- The Snoop Sisters title card
- Created by: Alan Shayne
- Starring: Helen Hayes Mildred Natwick Lou Antonio Art Carney (Pilot) Bert Convy Lawrence Pressman (Pilot)
- Opening theme: Jerry Fielding
- Country of origin: United States
- No. of seasons: 1
- No. of episodes: 4 (+ 1 TV movie)

Production
- Executive producer: Leonard B. Stern
- Camera setup: Single-camera
- Running time: 90 min.
- Production companies: Talent Associates-Norton Simon, Inc.
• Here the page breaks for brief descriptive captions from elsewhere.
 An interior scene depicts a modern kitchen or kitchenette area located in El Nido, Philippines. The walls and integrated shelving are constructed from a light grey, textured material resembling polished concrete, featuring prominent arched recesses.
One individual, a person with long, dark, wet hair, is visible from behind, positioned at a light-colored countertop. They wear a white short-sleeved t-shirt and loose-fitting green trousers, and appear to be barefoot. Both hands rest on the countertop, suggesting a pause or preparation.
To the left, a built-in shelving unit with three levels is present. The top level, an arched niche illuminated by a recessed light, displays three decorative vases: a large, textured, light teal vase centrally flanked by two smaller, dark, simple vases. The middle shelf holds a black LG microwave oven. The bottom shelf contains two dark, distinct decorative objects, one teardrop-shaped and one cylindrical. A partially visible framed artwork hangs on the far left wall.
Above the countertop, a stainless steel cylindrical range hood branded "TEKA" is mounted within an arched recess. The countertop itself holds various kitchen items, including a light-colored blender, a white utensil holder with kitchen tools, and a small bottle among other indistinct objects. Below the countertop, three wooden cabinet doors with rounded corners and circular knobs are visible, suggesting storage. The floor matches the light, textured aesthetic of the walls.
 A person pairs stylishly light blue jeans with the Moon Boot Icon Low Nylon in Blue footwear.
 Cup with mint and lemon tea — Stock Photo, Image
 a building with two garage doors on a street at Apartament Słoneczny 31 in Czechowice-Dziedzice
Universal Television

Original release
- Network: NBC
- Release: December 19, 1973 – March 19, 1974

Related
- NBC Wednesday Mystery Movie

= The Snoop Sisters =

The Snoop Sisters is an American comedy-mystery television show that aired on NBC during the 1973–1974 season, airing on a monthly rotation (referred to as a "wheel") as part of the NBC Tuesday Mystery Movie, sharing the timeslot with Banacek, Tenafly, and Faraday and Company.
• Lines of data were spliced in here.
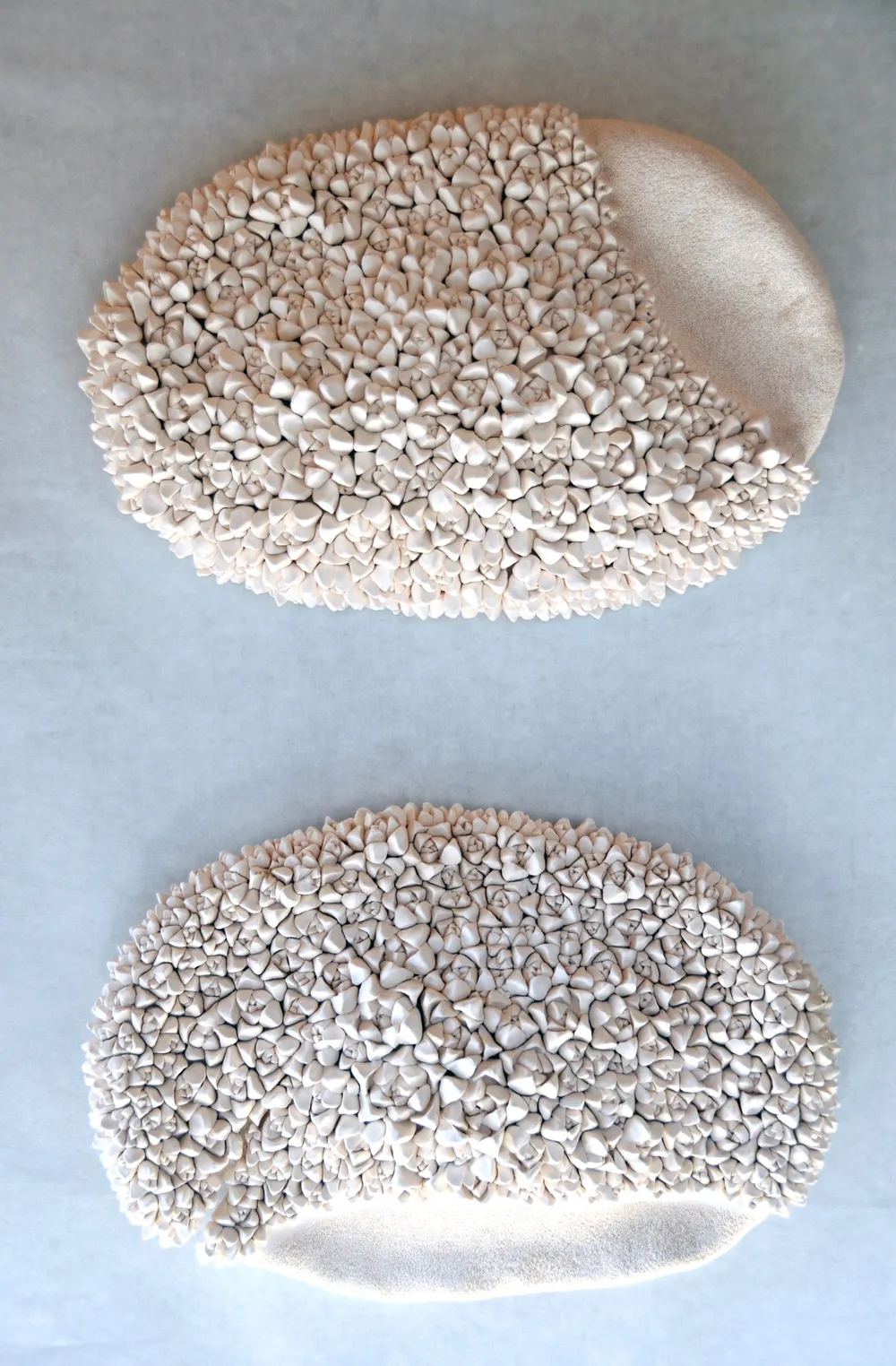 Two oval echeveria wall pieces photographed one above the other — each a mass of small white porcelain nubs, the upper finished with a smooth sanded lobe at the right, the lower with a sanded band along the bottom.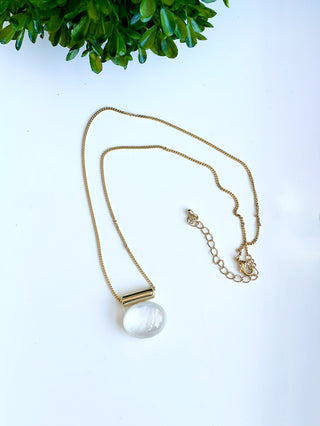 crafted white pebble charm necklace on a gold chain with lobster clasp
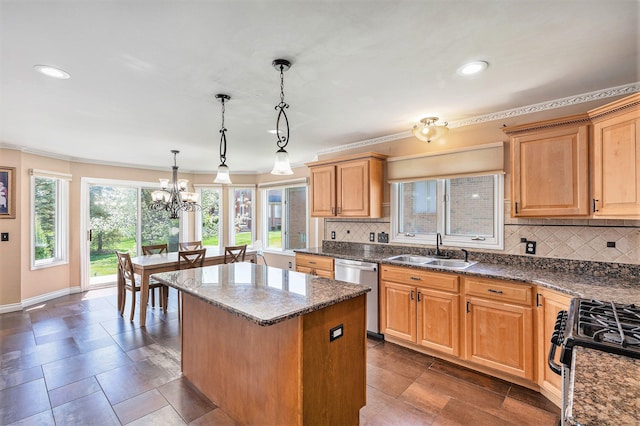 kitchen with decorative backsplash, a center island, dishwasher, a sink, and range with gas stovetop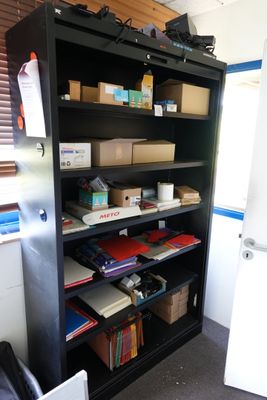 une bibliothèque noire sur laquelle sont posées de nombreuses boîtes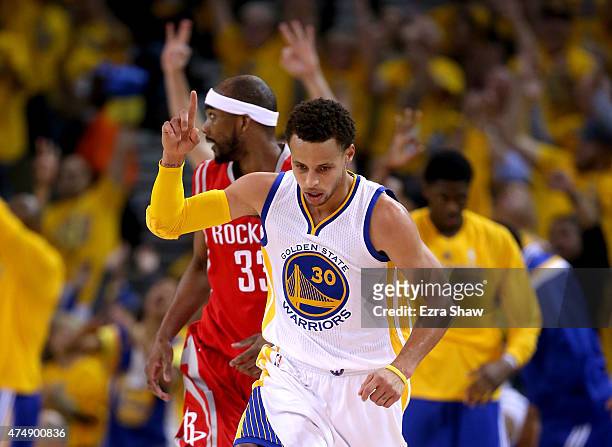 Stephen Curry of the Golden State Warriors reacts in front of Corey Brewer of the Houston Rockets after making a three-pointer in the first half...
The show stars Helen Hayes and Mildred Natwick as two elderly sisters, Ernesta Snoop and Gwendolyn Snoop Nicholson, who routinely stumbled across mysteries, which they solve. The series followed the 1971 ABC television movie Do Not Fold, Spindle or Mutilate, which also starred Hayes and Natwick working together as amateur sleuths, along with Myrna Loy and Sylvia Sidney. A pilot for the series, also titled The Snoop Sisters, but later retitled "The Female Instinct", aired on December 16, 1972, on NBC.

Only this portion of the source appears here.